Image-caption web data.
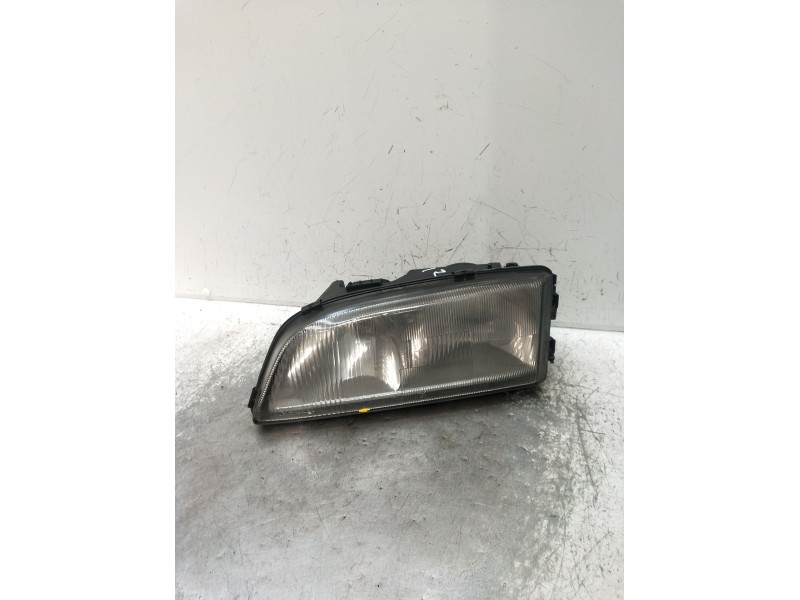 Recambio de faro izquierdo para volvo s70 (874) 2.4 referencia OEM IAM   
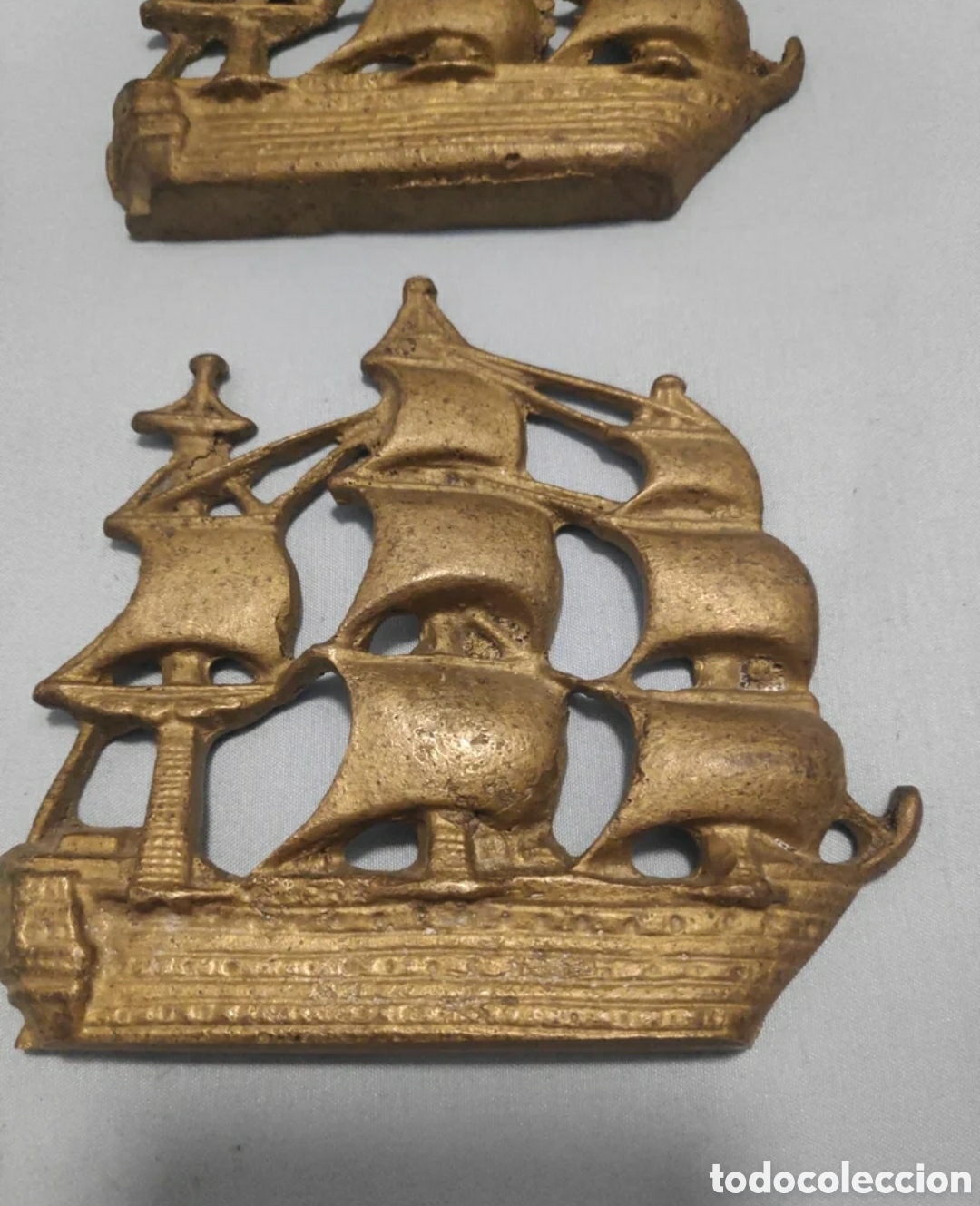 Antig&uuml;edades: 2 galeones de laton para pared - Foto 2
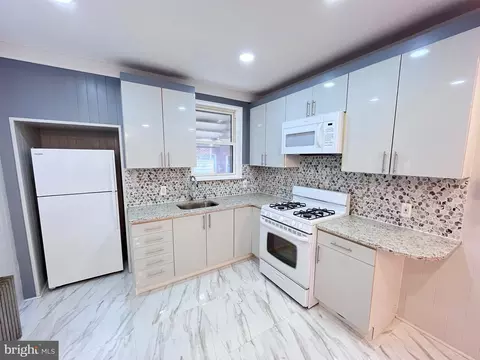 236 Kenilworth Ave, Philadelphia, PA 19120
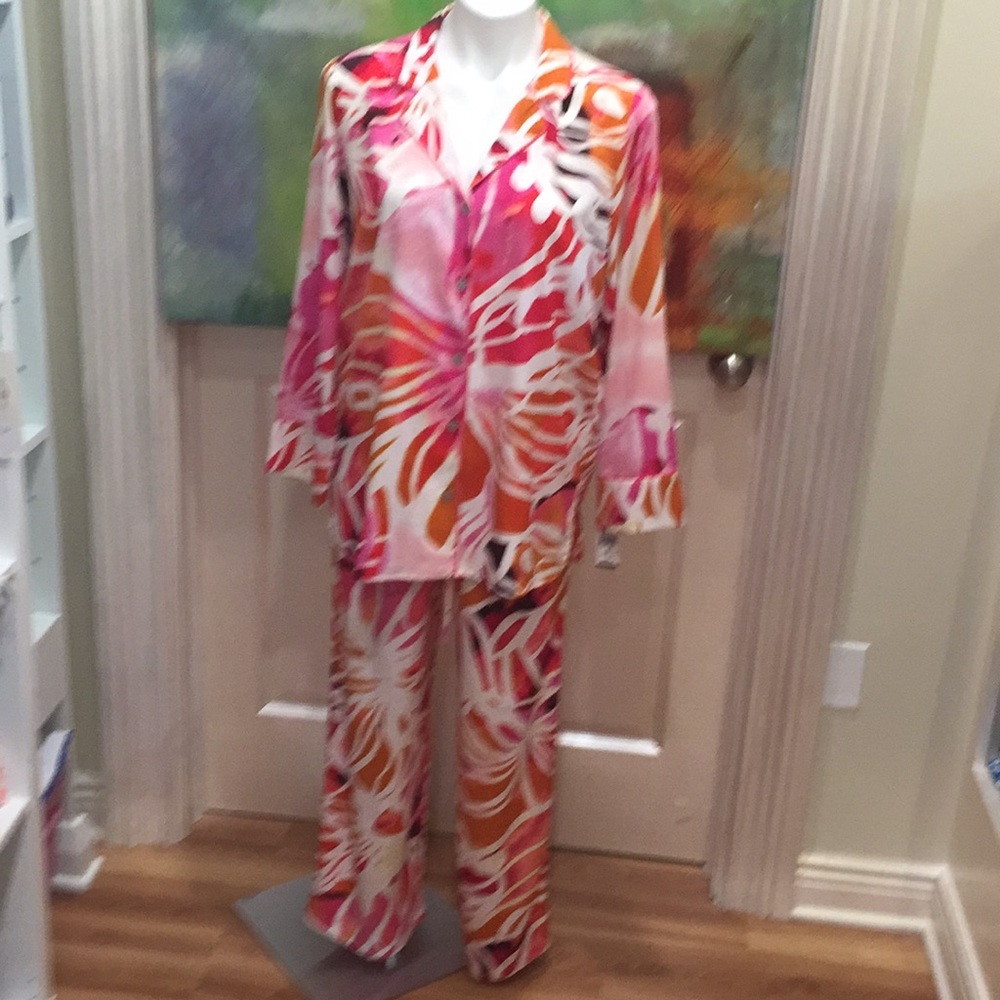Natori Pajamas Set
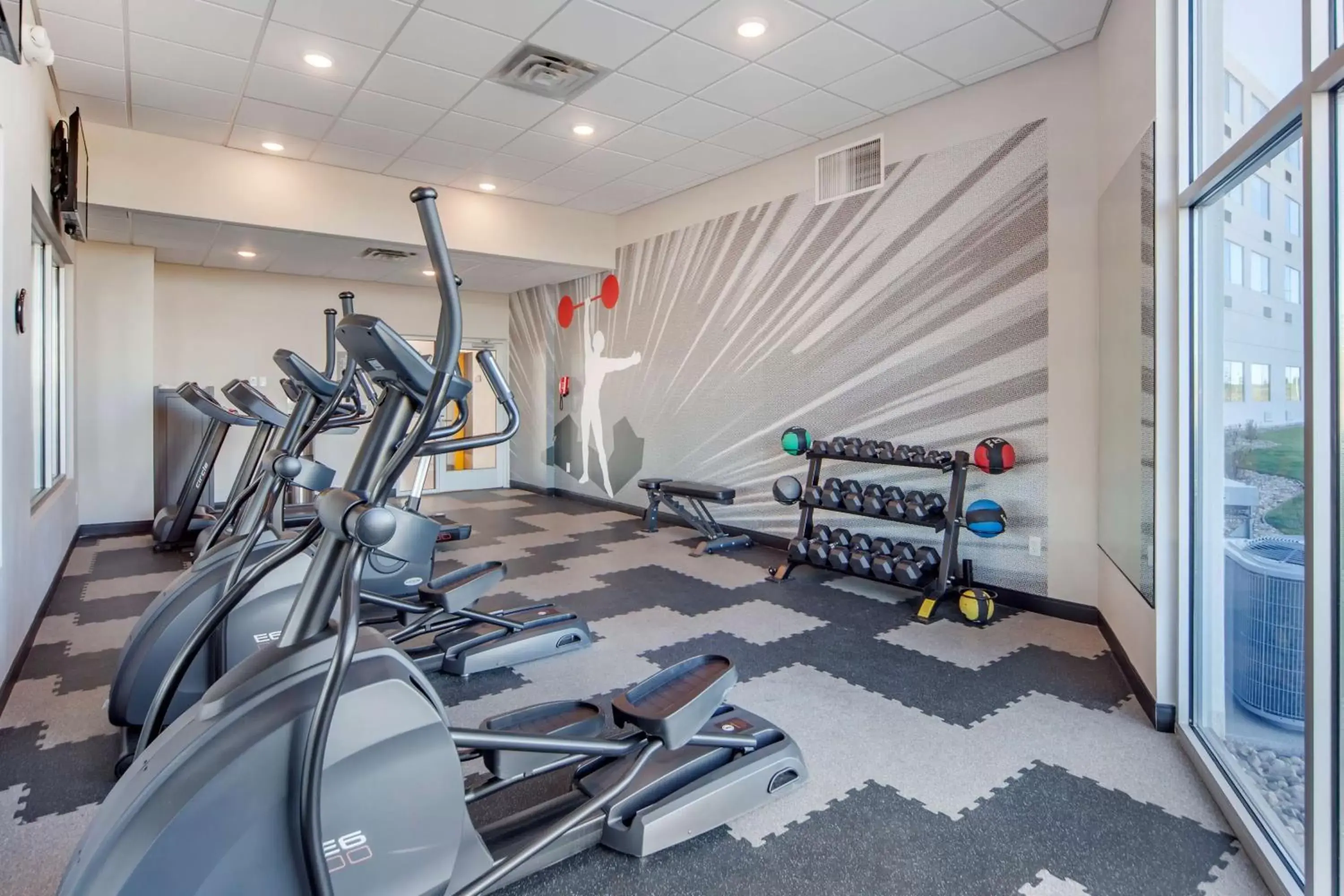 Spa and wellness centre/facilities, Fitness Center/Facilities in GLō Best Western Dawley Farms In Sioux Falls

Your instructions.
Type the lines above out again exactly as they appear, skipping every picture.

Result of this exercise.
 Recambio de faro izquierdo para volvo s70 (874) 2.4 referencia OEM IAM   
 Antig&uuml;edades: 2 galeones de laton para pared - Foto 2
 236 Kenilworth Ave, Philadelphia, PA 19120
Natori Pajamas Set
 Spa and wellness centre/facilities, Fitness Center/Facilities in GLō Best Western Dawley Farms In Sioux Falls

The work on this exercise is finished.